Information shown.

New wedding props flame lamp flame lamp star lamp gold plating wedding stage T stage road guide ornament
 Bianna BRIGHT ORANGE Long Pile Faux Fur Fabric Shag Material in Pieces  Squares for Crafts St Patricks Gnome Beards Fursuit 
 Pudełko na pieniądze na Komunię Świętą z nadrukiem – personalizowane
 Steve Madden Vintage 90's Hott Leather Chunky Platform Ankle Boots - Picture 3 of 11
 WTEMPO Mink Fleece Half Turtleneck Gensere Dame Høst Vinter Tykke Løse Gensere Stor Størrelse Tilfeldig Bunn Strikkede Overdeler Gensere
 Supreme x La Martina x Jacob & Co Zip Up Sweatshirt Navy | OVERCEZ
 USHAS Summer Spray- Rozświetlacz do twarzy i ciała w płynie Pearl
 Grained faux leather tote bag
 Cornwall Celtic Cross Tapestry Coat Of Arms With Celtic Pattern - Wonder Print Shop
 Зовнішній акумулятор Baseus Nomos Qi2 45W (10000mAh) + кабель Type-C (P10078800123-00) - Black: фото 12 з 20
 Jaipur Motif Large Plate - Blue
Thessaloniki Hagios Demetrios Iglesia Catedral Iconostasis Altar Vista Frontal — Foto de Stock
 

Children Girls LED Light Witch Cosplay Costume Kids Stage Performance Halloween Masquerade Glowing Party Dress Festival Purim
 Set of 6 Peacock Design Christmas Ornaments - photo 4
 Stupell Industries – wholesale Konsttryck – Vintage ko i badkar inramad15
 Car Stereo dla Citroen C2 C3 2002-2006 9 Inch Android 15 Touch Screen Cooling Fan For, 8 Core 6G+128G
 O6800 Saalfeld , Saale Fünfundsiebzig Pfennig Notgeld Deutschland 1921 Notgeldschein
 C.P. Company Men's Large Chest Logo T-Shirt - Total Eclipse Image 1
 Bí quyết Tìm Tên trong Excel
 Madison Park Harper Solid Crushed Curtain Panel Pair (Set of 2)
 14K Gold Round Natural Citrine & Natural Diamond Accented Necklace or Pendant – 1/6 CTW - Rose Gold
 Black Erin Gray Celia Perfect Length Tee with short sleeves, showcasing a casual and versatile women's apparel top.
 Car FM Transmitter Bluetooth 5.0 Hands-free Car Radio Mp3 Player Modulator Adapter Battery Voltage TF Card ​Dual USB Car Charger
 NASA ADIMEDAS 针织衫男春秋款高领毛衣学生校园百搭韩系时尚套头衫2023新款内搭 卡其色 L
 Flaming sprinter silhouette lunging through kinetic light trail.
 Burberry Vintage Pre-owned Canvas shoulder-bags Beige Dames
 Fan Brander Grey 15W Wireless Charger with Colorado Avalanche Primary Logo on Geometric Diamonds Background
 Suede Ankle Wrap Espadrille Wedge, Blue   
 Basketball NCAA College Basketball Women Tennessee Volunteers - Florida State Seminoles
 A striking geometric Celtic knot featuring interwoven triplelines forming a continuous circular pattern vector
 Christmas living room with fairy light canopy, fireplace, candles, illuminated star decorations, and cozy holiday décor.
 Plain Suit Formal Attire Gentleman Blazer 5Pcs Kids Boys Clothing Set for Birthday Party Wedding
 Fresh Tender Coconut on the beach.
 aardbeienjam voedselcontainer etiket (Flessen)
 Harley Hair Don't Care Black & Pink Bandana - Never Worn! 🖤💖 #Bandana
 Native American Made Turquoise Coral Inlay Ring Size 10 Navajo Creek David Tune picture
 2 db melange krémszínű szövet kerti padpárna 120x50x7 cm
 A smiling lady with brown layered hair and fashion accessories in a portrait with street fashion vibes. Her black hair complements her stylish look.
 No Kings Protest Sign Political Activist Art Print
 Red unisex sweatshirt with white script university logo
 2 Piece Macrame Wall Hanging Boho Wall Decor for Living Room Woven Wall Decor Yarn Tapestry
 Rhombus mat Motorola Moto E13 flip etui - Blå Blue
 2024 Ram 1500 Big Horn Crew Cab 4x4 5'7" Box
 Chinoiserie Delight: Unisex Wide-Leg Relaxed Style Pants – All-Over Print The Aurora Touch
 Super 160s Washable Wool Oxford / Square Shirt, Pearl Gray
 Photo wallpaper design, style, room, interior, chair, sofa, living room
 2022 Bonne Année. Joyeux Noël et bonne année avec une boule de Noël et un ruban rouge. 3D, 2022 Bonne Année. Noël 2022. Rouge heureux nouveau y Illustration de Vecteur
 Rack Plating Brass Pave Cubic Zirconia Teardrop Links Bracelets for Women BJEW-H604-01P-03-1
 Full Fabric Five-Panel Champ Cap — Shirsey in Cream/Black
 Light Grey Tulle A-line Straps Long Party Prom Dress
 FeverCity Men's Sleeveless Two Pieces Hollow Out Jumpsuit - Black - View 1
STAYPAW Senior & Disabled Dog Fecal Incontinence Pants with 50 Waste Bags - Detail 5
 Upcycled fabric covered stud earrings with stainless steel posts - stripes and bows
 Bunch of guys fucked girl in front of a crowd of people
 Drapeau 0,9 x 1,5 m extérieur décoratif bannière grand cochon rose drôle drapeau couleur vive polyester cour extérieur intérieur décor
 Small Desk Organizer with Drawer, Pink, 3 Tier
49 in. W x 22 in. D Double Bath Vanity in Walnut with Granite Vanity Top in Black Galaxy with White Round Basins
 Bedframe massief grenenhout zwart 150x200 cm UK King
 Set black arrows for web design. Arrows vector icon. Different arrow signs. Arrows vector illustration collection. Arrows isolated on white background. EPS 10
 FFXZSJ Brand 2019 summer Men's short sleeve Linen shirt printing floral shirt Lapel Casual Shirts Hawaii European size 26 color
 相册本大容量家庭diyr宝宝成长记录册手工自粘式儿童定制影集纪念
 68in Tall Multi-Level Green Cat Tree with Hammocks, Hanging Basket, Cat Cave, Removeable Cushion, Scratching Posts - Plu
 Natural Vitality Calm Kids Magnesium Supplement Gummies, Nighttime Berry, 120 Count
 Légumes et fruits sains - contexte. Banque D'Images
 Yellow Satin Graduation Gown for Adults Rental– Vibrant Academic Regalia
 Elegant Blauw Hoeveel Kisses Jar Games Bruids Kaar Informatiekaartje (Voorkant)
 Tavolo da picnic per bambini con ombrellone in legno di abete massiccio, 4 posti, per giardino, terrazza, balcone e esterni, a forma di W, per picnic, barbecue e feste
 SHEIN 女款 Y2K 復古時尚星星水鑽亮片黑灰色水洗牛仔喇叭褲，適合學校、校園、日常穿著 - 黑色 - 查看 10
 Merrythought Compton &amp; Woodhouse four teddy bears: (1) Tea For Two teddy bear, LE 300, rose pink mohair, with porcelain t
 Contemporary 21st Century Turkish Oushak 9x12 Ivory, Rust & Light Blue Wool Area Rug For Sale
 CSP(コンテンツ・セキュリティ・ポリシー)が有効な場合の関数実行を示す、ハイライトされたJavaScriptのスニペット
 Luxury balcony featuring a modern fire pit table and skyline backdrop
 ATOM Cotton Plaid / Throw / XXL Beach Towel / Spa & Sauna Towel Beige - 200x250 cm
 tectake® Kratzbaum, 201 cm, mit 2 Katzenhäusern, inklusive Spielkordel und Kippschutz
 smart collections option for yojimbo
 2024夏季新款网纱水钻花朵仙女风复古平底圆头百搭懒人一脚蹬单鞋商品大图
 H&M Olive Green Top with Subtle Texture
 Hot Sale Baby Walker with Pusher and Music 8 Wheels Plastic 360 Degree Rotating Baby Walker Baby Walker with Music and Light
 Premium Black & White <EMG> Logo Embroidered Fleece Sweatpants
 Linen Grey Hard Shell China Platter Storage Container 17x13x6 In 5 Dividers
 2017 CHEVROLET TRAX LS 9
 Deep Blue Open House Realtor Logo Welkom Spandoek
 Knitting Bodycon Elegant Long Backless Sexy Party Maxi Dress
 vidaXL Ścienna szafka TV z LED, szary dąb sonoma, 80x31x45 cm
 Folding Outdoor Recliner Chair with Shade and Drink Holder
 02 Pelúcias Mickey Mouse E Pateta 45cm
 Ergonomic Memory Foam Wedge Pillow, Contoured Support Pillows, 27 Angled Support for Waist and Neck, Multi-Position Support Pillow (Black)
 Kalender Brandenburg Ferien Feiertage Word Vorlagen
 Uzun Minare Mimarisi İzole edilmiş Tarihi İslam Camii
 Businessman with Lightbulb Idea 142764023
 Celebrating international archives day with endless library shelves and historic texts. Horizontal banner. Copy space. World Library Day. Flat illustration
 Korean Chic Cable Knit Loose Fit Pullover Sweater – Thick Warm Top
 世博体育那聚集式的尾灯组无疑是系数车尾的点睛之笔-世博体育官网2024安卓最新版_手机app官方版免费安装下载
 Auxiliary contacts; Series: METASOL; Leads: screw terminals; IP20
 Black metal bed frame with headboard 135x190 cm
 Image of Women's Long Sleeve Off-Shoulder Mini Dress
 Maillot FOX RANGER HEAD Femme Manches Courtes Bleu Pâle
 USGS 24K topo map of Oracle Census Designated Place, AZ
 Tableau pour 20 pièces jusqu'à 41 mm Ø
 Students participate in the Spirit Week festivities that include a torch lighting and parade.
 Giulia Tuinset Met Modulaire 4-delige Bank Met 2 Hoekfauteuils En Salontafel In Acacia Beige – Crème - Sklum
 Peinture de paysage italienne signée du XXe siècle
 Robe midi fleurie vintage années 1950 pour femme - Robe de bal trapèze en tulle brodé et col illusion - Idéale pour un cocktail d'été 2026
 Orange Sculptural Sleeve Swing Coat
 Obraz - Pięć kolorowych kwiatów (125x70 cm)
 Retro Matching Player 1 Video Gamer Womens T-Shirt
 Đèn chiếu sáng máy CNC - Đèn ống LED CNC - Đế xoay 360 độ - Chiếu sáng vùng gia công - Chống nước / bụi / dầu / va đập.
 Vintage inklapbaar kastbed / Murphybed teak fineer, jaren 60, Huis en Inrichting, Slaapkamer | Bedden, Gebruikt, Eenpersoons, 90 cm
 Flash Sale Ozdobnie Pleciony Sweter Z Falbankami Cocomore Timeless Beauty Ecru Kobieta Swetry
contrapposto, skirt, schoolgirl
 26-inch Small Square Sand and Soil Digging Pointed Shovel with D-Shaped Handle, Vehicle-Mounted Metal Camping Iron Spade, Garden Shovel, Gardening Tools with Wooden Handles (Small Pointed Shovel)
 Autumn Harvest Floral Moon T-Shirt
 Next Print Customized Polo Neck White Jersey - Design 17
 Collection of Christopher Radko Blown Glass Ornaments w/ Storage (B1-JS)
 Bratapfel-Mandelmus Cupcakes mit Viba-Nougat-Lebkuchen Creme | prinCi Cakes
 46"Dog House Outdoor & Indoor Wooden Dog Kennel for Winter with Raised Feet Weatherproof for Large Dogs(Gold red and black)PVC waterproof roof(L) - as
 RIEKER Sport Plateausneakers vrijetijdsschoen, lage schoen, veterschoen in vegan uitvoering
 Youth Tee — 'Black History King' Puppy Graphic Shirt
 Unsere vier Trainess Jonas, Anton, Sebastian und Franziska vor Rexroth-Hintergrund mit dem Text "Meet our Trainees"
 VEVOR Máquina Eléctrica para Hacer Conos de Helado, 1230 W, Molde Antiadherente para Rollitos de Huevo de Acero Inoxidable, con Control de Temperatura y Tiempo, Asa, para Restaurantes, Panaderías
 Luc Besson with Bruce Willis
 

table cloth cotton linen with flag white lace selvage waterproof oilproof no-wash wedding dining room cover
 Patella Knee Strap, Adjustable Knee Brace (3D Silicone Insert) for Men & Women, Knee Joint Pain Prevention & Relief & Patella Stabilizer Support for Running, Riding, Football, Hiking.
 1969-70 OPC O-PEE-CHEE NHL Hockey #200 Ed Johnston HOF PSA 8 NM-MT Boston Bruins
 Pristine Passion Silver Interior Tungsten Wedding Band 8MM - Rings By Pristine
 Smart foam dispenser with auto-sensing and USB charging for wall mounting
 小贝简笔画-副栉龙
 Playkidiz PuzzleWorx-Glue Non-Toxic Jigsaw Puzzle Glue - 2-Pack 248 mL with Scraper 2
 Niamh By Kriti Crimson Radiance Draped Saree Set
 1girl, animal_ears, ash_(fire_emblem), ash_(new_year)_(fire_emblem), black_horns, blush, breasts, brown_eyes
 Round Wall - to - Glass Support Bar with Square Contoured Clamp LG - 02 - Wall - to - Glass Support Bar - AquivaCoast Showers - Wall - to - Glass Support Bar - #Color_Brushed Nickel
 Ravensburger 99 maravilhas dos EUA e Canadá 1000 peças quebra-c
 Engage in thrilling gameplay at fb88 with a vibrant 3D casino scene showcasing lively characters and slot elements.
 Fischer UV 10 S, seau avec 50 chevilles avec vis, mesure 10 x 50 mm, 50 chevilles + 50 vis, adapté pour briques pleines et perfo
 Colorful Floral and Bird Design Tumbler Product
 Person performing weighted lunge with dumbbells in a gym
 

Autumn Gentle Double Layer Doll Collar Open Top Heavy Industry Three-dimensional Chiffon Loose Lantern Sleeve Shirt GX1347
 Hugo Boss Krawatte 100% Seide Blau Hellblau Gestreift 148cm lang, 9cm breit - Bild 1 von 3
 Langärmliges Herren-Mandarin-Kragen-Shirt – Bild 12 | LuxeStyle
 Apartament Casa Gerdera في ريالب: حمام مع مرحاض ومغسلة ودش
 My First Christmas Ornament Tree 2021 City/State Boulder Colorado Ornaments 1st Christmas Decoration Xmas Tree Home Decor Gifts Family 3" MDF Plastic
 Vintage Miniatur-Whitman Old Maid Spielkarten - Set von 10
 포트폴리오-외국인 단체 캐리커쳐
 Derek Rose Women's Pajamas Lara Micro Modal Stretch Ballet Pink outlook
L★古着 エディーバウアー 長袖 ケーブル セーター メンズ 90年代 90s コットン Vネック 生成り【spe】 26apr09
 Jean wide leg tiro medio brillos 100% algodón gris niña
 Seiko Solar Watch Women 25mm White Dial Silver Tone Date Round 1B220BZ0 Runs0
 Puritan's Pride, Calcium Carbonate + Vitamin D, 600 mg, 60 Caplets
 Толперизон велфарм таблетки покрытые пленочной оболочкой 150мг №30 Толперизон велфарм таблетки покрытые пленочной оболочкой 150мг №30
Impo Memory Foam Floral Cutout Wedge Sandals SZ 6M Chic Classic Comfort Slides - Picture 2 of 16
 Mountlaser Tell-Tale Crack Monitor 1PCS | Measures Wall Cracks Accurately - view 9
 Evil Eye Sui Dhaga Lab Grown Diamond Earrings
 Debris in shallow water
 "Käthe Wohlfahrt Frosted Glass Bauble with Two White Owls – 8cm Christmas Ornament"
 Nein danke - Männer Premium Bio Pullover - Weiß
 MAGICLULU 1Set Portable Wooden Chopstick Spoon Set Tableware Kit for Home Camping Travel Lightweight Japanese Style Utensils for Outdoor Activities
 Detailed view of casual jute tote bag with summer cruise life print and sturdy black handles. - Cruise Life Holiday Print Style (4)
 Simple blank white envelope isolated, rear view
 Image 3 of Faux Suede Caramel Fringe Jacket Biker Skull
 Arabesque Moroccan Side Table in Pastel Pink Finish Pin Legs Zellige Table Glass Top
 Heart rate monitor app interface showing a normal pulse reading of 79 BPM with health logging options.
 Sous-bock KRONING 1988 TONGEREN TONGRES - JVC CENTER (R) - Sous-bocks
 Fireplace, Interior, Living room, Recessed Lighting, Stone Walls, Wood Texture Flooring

Activity.
Pull out the lines above in which the word "vector" appears.

Exercise solution.
 A striking geometric Celtic knot featuring interwoven triplelines forming a continuous circular pattern vector
 Set black arrows for web design. Arrows vector icon. Different arrow signs. Arrows vector illustration collection. Arrows isolated on white background. EPS 10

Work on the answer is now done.